Lo exigen los vecinos, trabajadores y asociaciones gremiales ante la posibilidad planteada por el gobierno de la Ciudad de Buenos Aires.

El CESAC 32 (ubicado en Charrúa al 2900) comenzó a ser una realidad en 1988 gracias a la obra colectiva de los vecinos, quienes iniciaron la construcción con sus propias manos. En 1994, el Centro pasó al ámbito del gobierno porteño, a través del Hospital Penna.

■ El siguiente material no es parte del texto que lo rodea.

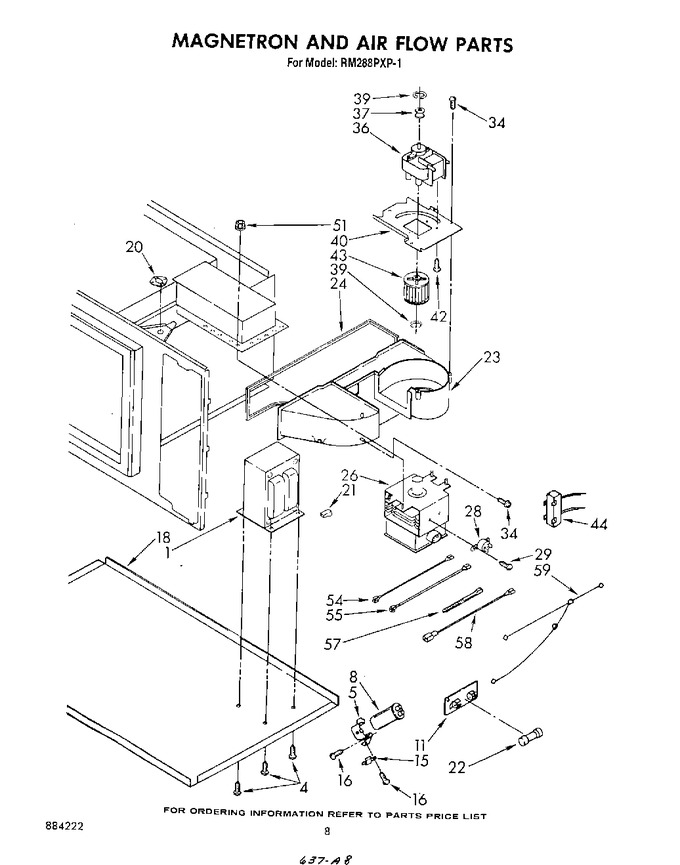 Diagram for RM288PXP1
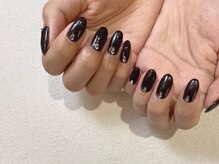 オーク 戸塚(OAK)/ブラックワンカラーplusビジュー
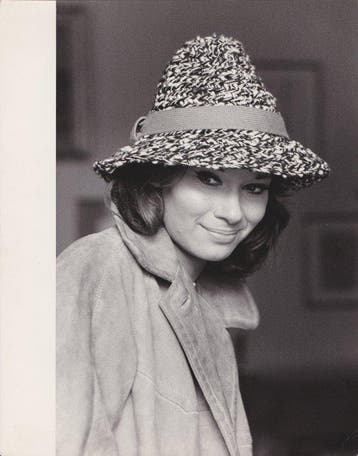 John Mather & John Redway - Lea Massari à Paris vers 1965
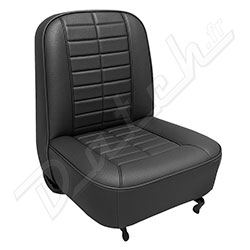 HOUSSE DE SIEGE MINI (NOIR) "CLUBMAN" AVANT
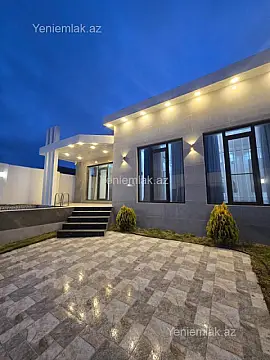Satılır 3 otaqlı həyət evi 120 m² — Bakı, Xəzər 3 otaq 120.00 m²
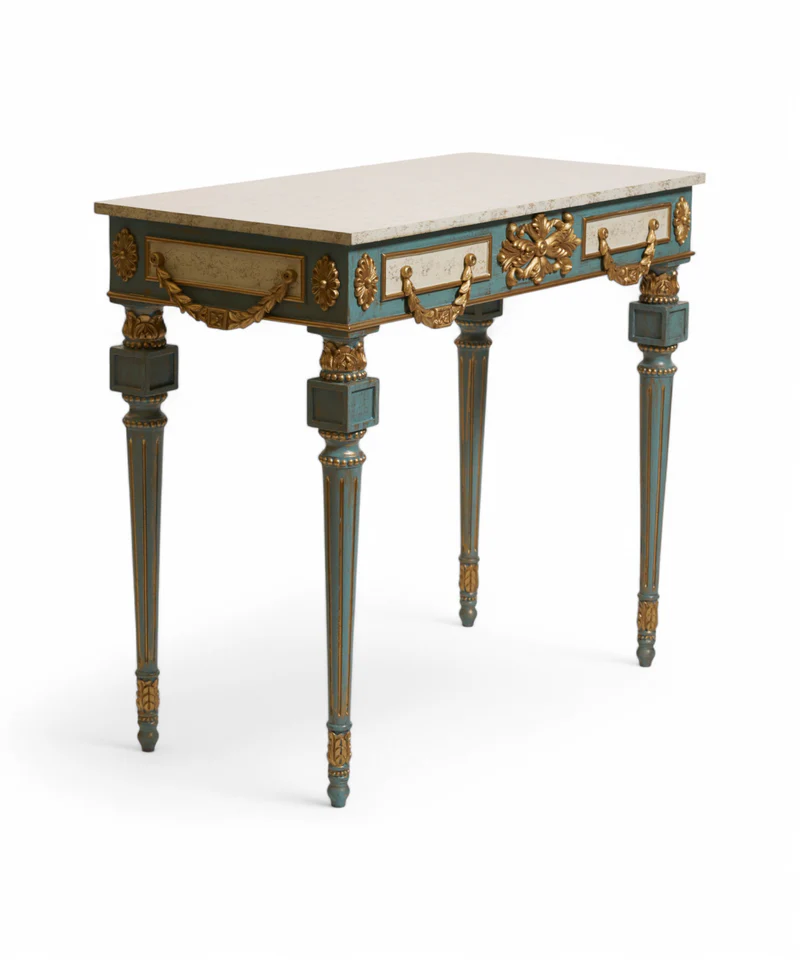 Golden Majestic Console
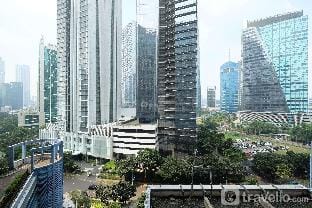 Homey 2BR Bellagio Residence By Travelio Apartment in South Jakarta City
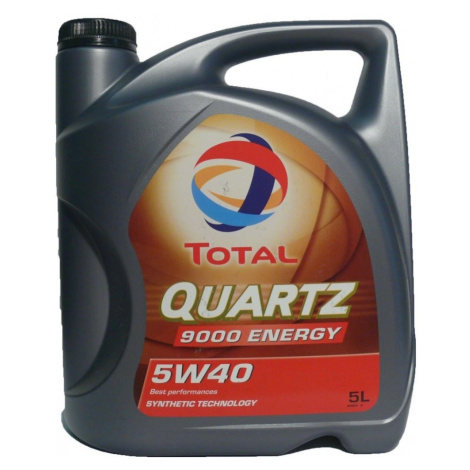 TOTAL Motorový olej QUARTZ ENERGY 9000 5W-40, 2213697, 5L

En 2001, se realizó una licitación para su ampliación, adjudicando la obra a la empresa “Dragonair”. Los trabajos empezaron pero fueron paralizados en varias ocasiones, con diversas excusas. Lo concreto es que desde abril de 2007, la obra se detuvo en forma definitiva.
Los vecinos explicaron que antes de que estas obras se iniciaran, el Centro contaba con cuatro consultorios, una sala de reuniones, cocina, farmacia y una oficina. Hoy, estos espacios están prácticamente derrumbados, quedando en funcionamientos sólo dos pequeños consultorios y una sala de espera.
El CESAC 32 tiene registradas alrededor de 6000 personas y todos los meses se atienden 1000 habitantes de los barrios Charrúas, Villa 1-11-14, entre otros.
Ante los reclamos de los vecinos, las respuestas del gobierno PRO fueron el cierre del Centro o su traslado a otra zona. Es decir, la solución oficial es dejar sin atención primaria a las personas que viven allí.